(Brief descriptive captions)
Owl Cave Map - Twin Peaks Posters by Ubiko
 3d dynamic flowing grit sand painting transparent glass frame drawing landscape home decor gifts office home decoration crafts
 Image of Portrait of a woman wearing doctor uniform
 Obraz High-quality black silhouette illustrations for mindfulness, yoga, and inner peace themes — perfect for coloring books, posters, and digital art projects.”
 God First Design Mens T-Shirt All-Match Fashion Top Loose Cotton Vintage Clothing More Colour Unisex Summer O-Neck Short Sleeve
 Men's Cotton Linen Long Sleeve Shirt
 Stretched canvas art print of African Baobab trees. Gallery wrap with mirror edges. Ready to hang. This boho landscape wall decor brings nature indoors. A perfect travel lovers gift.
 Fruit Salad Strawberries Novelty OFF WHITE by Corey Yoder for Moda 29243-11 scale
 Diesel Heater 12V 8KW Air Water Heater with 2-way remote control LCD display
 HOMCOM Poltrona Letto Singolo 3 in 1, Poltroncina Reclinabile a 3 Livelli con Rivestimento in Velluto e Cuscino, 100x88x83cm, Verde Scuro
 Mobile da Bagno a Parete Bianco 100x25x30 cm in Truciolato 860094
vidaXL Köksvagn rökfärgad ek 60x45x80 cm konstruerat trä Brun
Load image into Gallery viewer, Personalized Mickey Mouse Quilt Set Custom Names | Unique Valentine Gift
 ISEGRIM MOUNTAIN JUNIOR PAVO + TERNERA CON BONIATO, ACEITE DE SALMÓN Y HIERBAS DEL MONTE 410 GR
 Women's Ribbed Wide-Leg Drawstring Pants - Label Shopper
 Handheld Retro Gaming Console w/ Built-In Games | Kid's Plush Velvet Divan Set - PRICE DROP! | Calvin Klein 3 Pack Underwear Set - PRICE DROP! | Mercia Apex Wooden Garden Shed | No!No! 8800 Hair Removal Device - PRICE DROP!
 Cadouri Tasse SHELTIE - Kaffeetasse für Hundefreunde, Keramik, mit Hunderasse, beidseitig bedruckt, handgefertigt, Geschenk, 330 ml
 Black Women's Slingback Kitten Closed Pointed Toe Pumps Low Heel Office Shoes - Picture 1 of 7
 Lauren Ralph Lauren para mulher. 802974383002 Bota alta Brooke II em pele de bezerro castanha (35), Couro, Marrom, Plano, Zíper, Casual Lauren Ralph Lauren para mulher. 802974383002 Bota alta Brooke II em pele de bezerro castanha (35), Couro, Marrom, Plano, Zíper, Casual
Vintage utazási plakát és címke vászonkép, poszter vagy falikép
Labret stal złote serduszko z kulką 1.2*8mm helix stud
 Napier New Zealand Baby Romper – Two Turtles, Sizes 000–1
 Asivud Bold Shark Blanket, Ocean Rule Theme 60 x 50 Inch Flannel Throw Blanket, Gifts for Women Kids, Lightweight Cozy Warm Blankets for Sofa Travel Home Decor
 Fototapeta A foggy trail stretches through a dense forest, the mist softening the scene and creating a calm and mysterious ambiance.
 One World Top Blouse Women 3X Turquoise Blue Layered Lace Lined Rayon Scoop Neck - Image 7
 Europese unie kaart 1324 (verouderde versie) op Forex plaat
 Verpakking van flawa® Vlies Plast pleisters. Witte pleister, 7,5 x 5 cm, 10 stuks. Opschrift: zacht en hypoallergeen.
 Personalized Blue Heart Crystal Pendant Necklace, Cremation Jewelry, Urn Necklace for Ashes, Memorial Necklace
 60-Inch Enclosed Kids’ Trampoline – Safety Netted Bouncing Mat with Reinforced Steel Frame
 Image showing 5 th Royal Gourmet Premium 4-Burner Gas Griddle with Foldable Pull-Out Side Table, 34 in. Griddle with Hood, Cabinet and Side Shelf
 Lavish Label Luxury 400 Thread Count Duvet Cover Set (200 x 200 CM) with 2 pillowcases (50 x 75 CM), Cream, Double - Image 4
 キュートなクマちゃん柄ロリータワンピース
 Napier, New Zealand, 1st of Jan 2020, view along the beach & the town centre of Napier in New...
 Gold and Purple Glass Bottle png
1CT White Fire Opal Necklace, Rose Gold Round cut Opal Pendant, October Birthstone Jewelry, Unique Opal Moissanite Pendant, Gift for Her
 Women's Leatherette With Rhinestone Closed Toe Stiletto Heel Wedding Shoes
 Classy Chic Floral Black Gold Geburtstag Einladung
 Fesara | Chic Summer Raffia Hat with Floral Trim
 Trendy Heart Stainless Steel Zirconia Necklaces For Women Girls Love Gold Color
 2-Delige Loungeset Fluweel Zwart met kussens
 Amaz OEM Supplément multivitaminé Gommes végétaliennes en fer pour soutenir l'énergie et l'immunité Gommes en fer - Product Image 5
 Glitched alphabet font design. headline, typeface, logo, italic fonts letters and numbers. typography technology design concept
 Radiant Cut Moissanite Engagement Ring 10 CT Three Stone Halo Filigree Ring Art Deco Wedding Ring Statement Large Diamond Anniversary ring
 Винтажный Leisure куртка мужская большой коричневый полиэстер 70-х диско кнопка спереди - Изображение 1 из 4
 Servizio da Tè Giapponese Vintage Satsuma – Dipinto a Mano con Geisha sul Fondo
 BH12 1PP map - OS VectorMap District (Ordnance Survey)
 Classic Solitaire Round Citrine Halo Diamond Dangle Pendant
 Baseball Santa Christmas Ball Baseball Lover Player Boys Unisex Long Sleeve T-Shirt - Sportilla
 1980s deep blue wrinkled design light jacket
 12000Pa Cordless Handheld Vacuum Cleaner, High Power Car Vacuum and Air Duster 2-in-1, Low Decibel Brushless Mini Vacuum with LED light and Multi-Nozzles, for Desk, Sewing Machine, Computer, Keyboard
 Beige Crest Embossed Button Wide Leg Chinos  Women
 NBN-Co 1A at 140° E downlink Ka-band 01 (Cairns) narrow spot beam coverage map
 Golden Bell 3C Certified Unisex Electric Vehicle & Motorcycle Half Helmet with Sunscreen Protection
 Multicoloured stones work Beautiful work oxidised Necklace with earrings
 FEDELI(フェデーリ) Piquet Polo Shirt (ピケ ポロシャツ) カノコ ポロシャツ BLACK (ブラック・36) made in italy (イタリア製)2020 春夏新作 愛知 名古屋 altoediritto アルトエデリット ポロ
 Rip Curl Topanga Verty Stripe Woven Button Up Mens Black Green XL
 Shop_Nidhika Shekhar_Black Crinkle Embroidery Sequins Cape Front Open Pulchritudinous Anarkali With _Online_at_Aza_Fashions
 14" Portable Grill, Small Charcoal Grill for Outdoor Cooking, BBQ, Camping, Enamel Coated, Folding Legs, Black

» TASK DIRECTIONS: Could you restate, word for word, the lines above from the one with "Handheld Retro Gaming" to the one with "Cadouri Tasse SHELTIE", both included?

» THE ANSWER:
 Handheld Retro Gaming Console w/ Built-In Games | Kid's Plush Velvet Divan Set - PRICE DROP! | Calvin Klein 3 Pack Underwear Set - PRICE DROP! | Mercia Apex Wooden Garden Shed | No!No! 8800 Hair Removal Device - PRICE DROP!
 Cadouri Tasse SHELTIE - Kaffeetasse für Hundefreunde, Keramik, mit Hunderasse, beidseitig bedruckt, handgefertigt, Geschenk, 330 ml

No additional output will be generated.